╭─ Provided data

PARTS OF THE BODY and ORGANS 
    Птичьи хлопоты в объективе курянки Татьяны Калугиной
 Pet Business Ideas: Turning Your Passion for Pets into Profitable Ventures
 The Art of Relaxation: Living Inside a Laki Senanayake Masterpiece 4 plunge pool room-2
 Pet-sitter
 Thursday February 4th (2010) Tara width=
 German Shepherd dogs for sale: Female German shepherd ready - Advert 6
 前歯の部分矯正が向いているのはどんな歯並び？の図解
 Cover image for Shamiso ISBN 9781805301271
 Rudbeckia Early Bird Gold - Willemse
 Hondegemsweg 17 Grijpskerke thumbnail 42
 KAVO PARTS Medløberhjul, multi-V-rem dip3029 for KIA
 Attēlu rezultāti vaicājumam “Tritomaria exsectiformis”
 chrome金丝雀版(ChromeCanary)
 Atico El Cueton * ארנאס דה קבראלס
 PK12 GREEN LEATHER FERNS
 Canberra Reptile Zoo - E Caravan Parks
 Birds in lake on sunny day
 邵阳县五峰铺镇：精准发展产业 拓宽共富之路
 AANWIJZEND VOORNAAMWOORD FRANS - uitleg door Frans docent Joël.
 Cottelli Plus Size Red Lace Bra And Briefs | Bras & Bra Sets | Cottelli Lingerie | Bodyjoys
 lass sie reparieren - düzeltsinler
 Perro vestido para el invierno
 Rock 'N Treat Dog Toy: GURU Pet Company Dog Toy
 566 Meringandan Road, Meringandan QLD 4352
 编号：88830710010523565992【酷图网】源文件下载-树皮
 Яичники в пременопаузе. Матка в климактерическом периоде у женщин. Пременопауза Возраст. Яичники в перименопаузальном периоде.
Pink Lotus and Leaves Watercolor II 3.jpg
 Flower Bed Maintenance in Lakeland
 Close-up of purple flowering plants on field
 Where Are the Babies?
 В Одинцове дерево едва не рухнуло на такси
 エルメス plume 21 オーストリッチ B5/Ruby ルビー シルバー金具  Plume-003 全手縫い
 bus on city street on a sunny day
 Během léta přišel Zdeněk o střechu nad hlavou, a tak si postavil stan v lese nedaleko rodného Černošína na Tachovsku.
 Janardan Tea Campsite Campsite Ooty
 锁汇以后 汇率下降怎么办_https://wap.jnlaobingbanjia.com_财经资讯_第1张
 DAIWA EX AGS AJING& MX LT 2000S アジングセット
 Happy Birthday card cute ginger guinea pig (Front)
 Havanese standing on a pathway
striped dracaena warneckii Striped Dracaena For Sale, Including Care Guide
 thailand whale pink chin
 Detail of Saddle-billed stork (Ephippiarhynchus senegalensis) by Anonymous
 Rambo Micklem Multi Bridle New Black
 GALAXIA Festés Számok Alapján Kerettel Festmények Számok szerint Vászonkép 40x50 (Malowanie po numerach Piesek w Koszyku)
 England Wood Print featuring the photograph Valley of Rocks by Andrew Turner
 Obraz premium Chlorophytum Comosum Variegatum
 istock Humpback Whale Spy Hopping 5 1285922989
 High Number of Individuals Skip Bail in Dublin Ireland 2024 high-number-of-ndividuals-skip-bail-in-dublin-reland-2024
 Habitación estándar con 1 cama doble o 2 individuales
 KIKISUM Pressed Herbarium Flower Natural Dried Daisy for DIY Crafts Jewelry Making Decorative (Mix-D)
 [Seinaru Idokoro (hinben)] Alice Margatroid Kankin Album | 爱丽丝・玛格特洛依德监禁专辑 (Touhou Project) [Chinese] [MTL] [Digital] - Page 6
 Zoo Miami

╰─

▸ Directions:
Look above for the line holding "KAVO PARTS Medløberhjul, multi-V-rem", then set down exactly that line and every line after it up to and including the line holding "Birds in lake on sunny day", with nothing else.

▸ Answer to this problem:
 KAVO PARTS Medløberhjul, multi-V-rem dip3029 for KIA
 Attēlu rezultāti vaicājumam “Tritomaria exsectiformis”
 chrome金丝雀版(ChromeCanary)
 Atico El Cueton * ארנאס דה קבראלס
 PK12 GREEN LEATHER FERNS
 Canberra Reptile Zoo - E Caravan Parks
 Birds in lake on sunny day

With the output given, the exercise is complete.